Solution: Count one touch per campaign and channel per person per week. Not every action.
Someone clicks your LinkedIn ad, lands on your website, then your CRM cookie tracks them as “organic” when they visit again.
Solution: Use UTM parameters consistently. UTM always overrides cookies.
Your email went to the VP Sales. The CEO saw your ad. The Ops person attended the webinar. Who gets credit?
Solution: Attribute at the account level, not contact level. The account received three touches. That’s what matters.
You run a campaign in January. You wait until June to measure. By then, you’ve made 10 other changes.
Solution: Measure 30/60/90 days into a campaign. Adjust mid-flight if possible.
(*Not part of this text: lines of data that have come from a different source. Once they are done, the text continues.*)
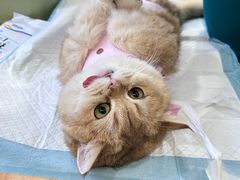 -美迦爱-牙专科·兔科·骨科诊疗中心(北苑店)
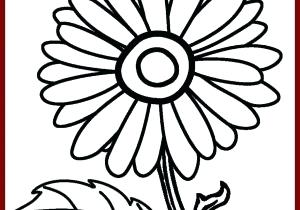 300x210 Sunflower Drawing For Kids Mindbodysoul Club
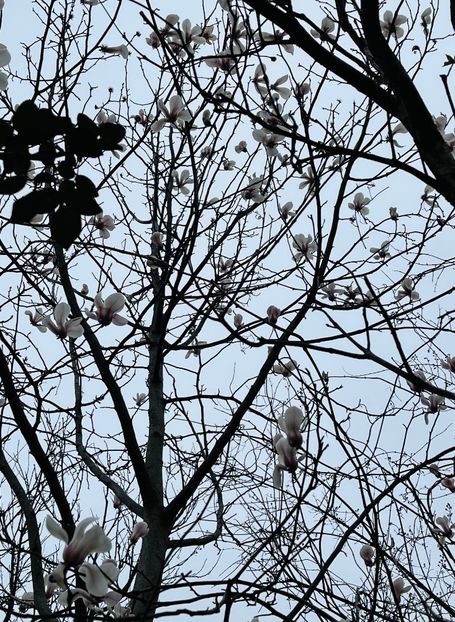 F4786AF2-0FA4-412F-A20A-7F7A172D042D - Arbuști 2021-2023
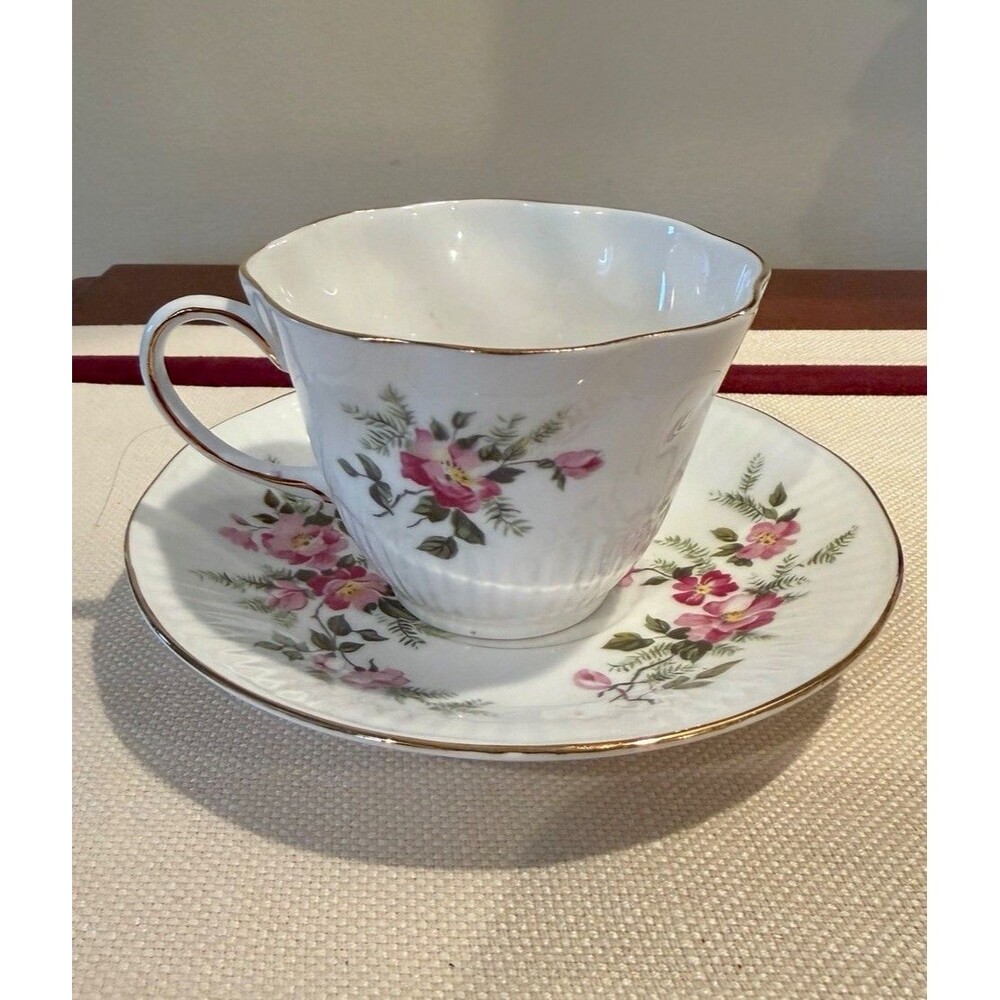 Vintage Queen's China Wild Pink Roses Teacup and Saucer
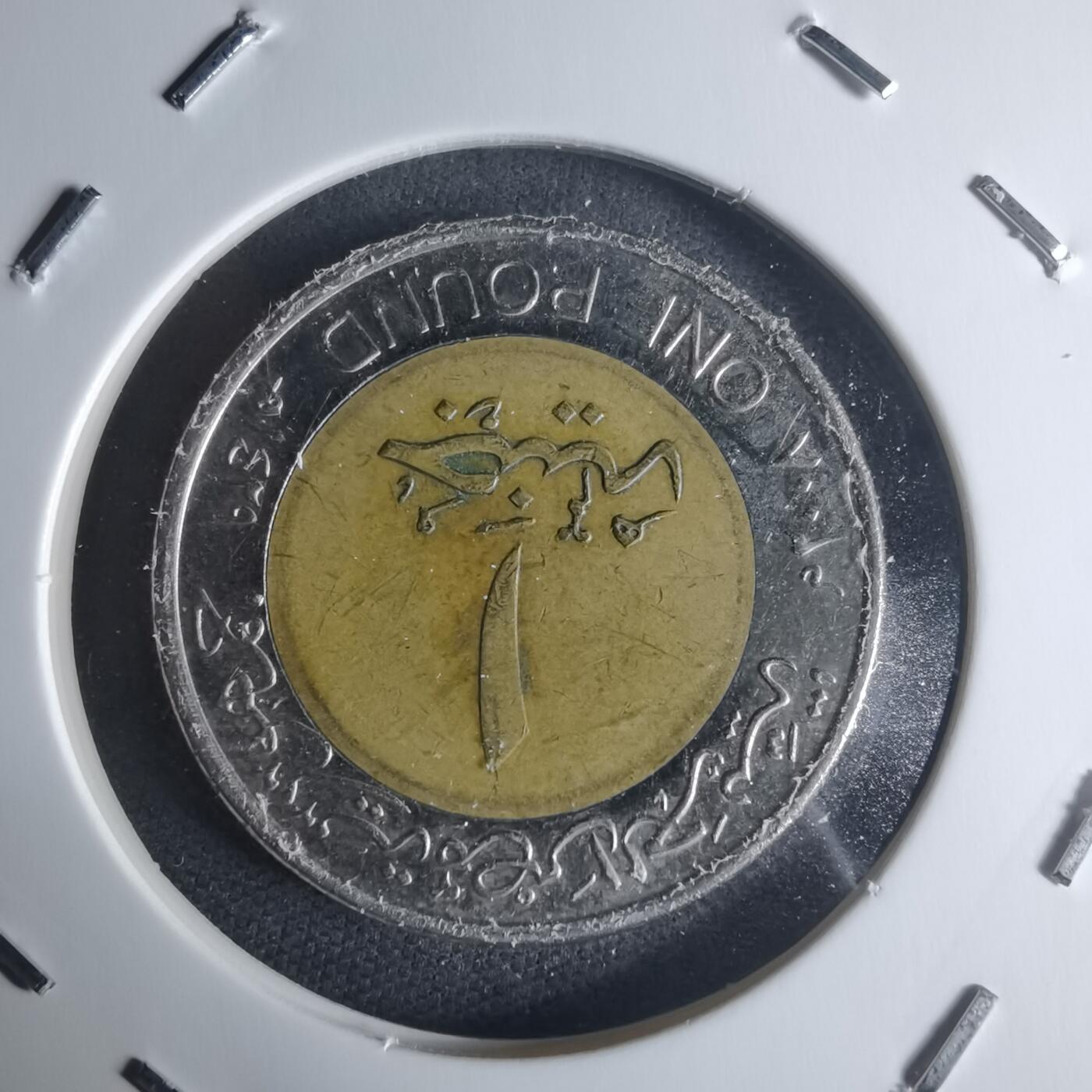 沼泽如烟--第942场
Accounts that attend webinars have higher close rates. Conclusion: webinars cause closes.
Reality: Accounts further along in buying cycle attend webinars. Correlation, not causation.
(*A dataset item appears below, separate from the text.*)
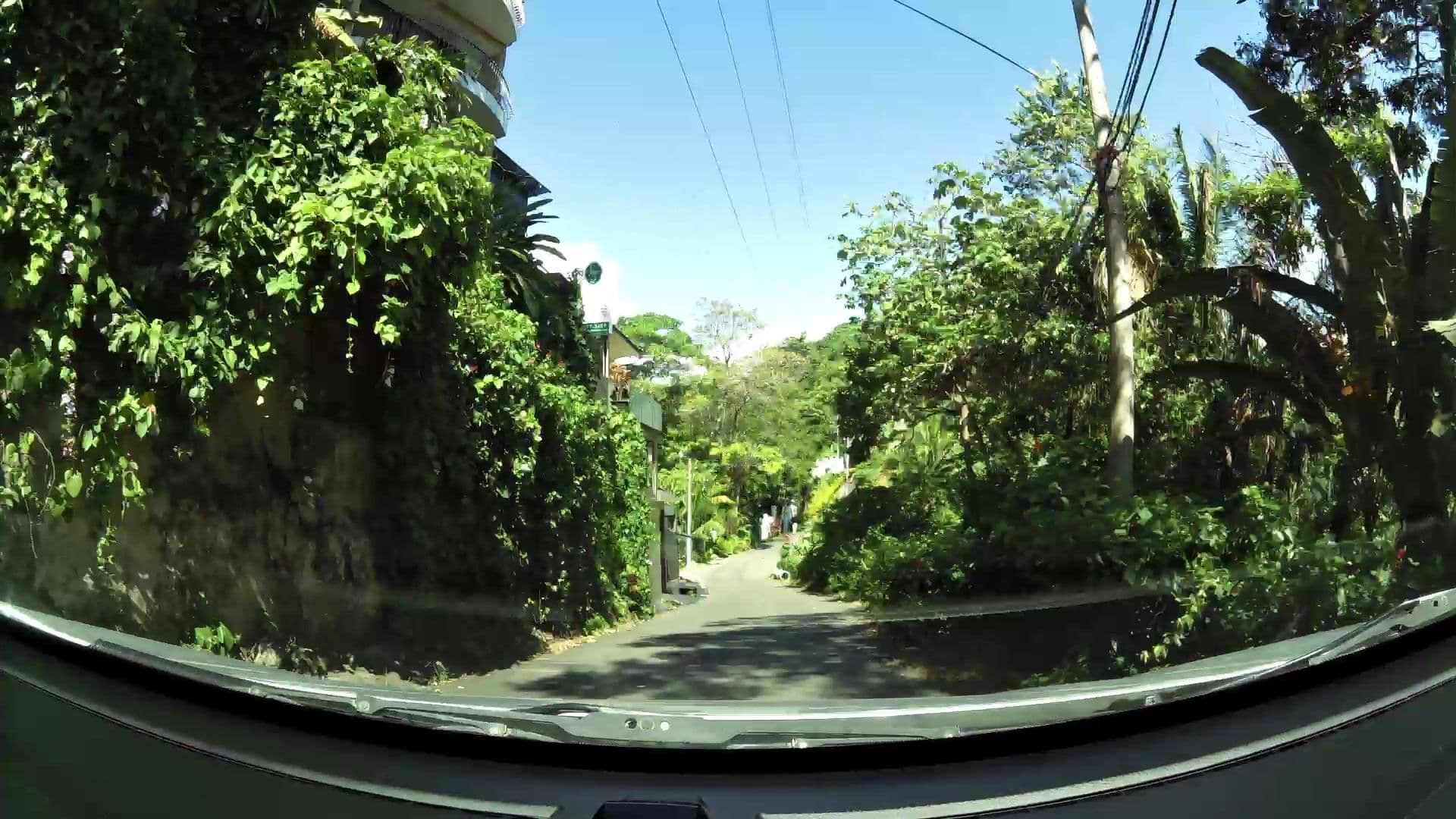 Street view near Tortuga Landing, Quepos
Solution: Use A/B testing when possible. Or use control groups (some accounts get webinar, others don’t, compare conversion).
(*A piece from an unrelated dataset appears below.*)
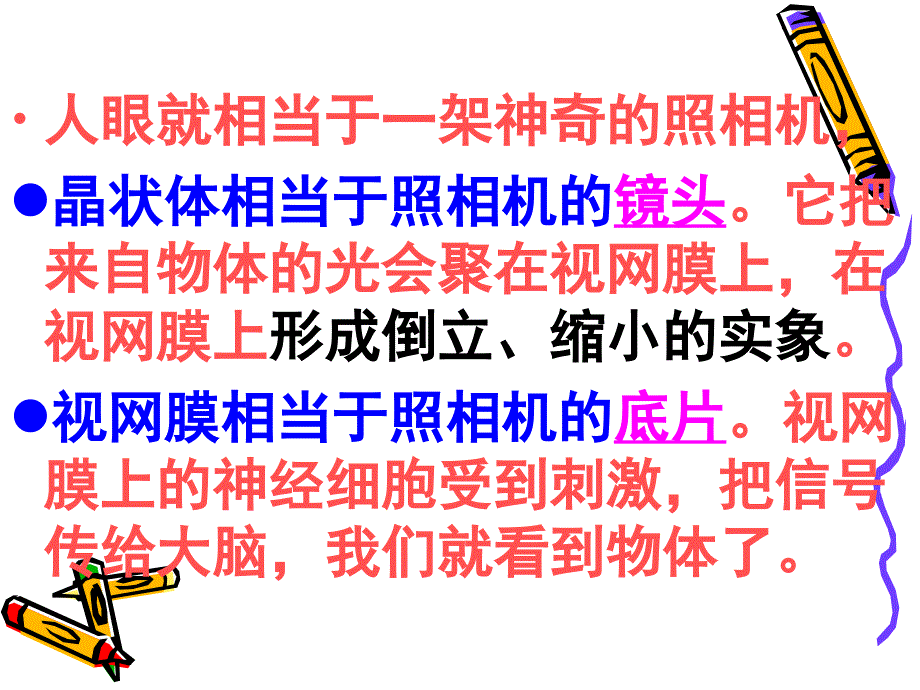 教科版初中物理八上46神奇的眼睛PPT课件1_第4页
Q: Isn’t this too complicated? A: Start simple (linear or first-touch). Add complexity as you collect data. You can measure something imperfectly and improve it, or measure nothing perfectly.
Q: How long until multi-touch attribution is accurate? A: 3-6 months minimum (one full sales cycle). 12+ months is better (accounts for seasonality, multiple cohorts).
Q: Should we adjust attribution weights quarterly? A: Yes. Review quarterly. Ask: “Is this model predicting reality?” If not, adjust weights.
Q: Can we use multiple attribution models simultaneously? A: Yes, for learning. Run first-touch and last-touch in parallel for 3 months. See which better matches your intuition. Then choose one.
Q: What if we have a 12-month sales cycle? A: Use time decay model (recent touches worth more). But also track: which touches are correlated with progress toward close?
Q: Should we weight brand awareness touches differently? A: If they don’t drive measurable activity (click, visit, demo request), they’re hard to measure. Focus on measurable touches first.
Multi-touch attribution is never perfect. But imperfect attribution beats guessing. Start building.